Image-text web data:
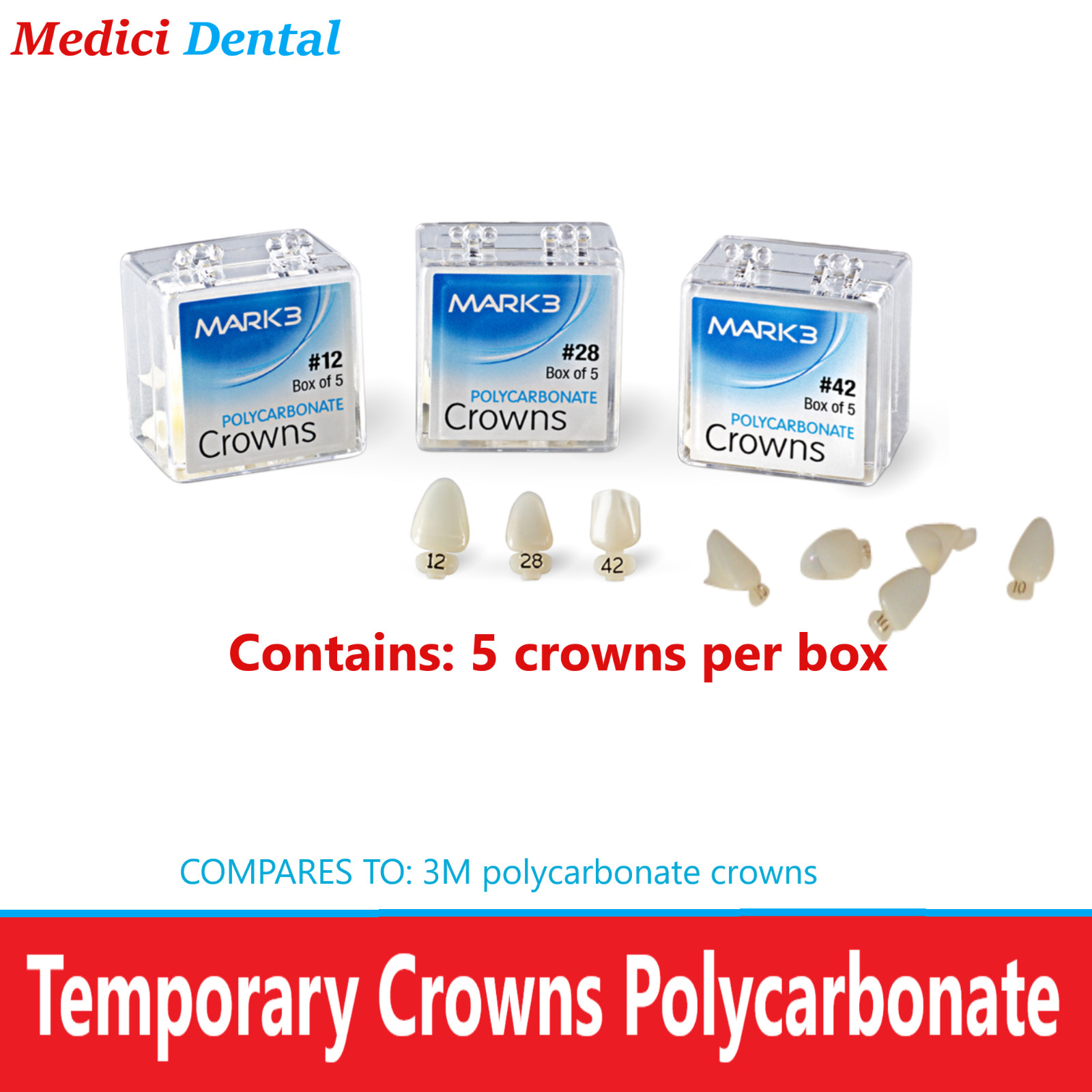 MARK3 Dental Temporary Polycarbonate Crowns All Sizes Swiss Made 5/Box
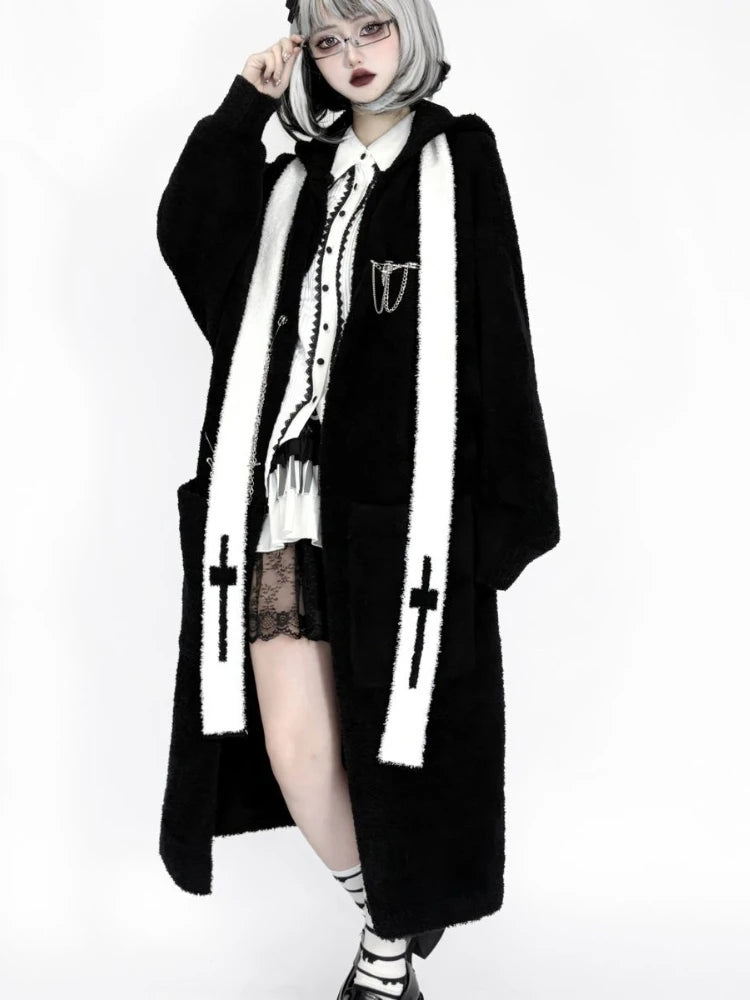 Gothic Punk Cashmere Knitted Long Cardigans Knee Length Loose Hooded Sweater Coat Korean Ins Causal Elegant Vintage Cardigan Y2k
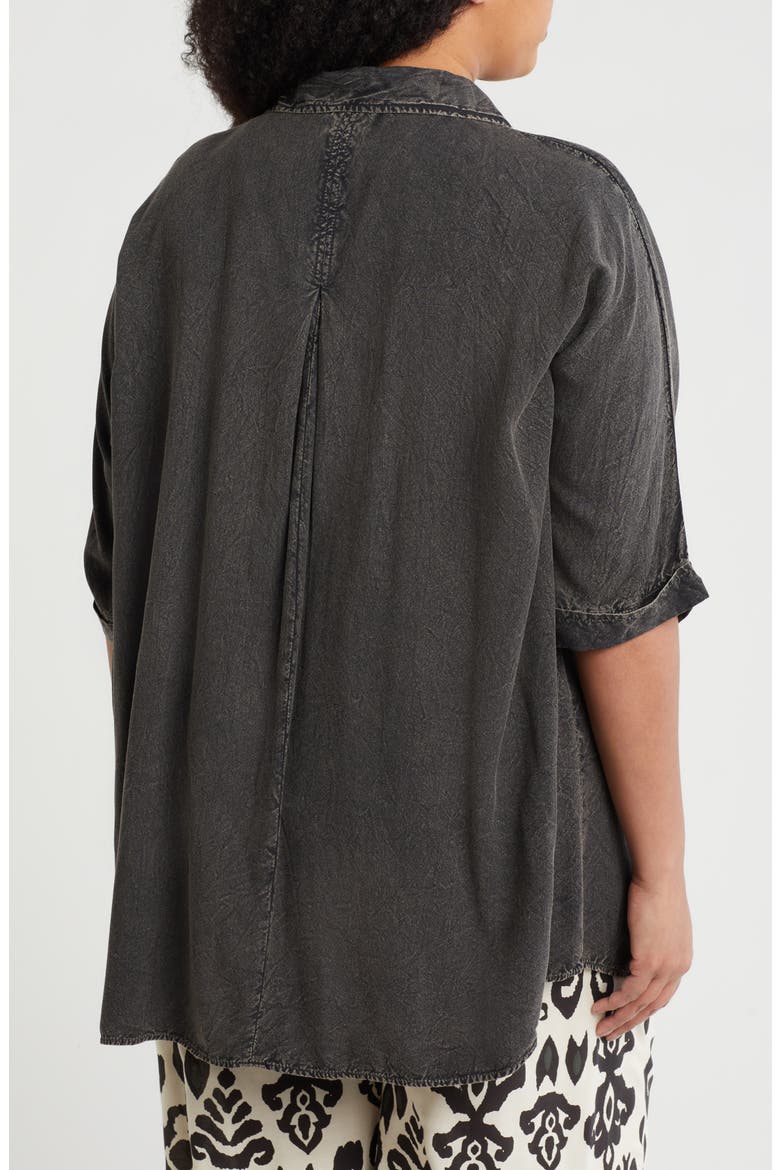 Short Sleeve Button-Up Shirt, Alternate, color, BLACK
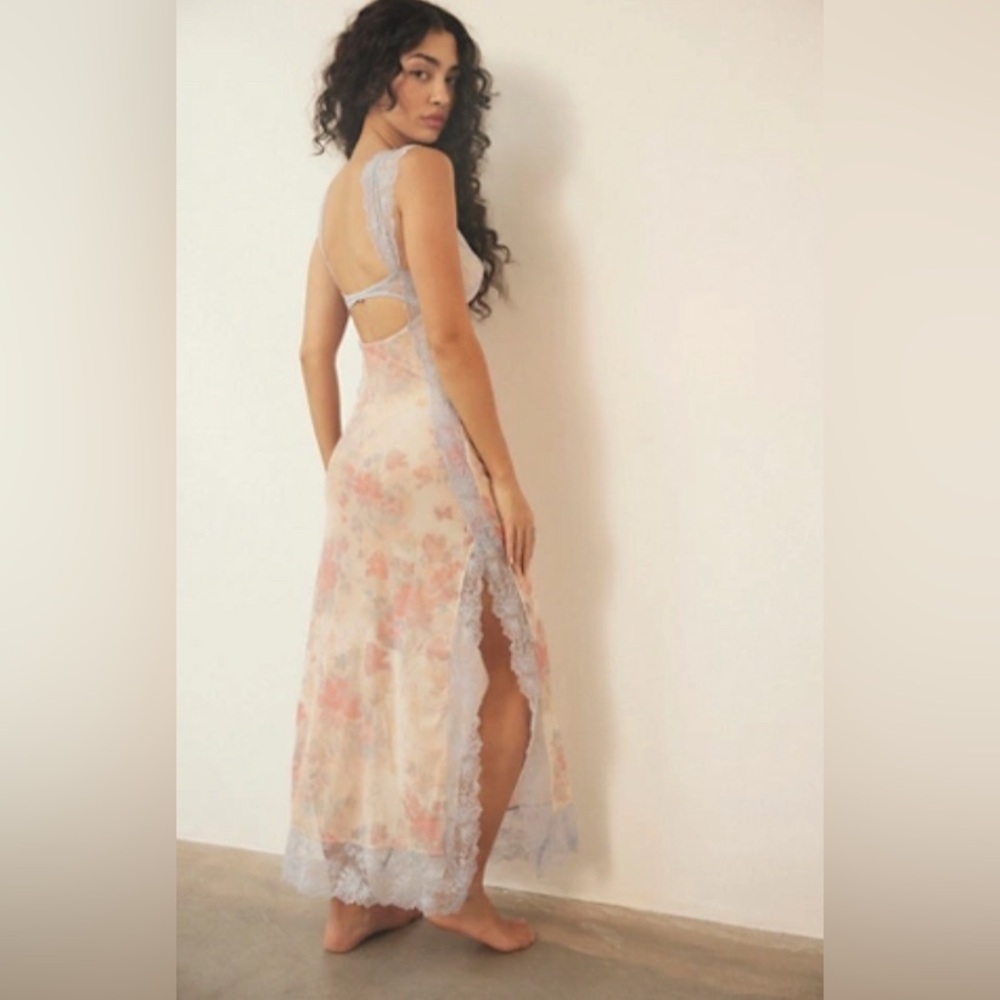Free People Suddenly Fine Maxi Slip Dress size Small Tulip Combo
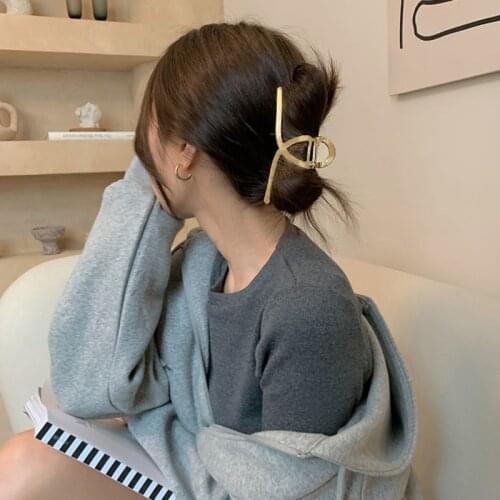 2pcs/set Women Big Hair Claws Clips Fashion Jewelry Simulation Pearl Metal Hairpins Korean Cross Barrettes Girl Hair Accessories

### YOUR OBJECTIVE
Line by line, print the records exactly, leaving the pictures behind.

### OUTPUT OF THE TASK
 MARK3 Dental Temporary Polycarbonate Crowns All Sizes Swiss Made 5/Box
 Gothic Punk Cashmere Knitted Long Cardigans Knee Length Loose Hooded Sweater Coat Korean Ins Causal Elegant Vintage Cardigan Y2k
 Short Sleeve Button-Up Shirt, Alternate, color, BLACK
Free People Suddenly Fine Maxi Slip Dress size Small Tulip Combo
 2pcs/set Women Big Hair Claws Clips Fashion Jewelry Simulation Pearl Metal Hairpins Korean Cross Barrettes Girl Hair Accessories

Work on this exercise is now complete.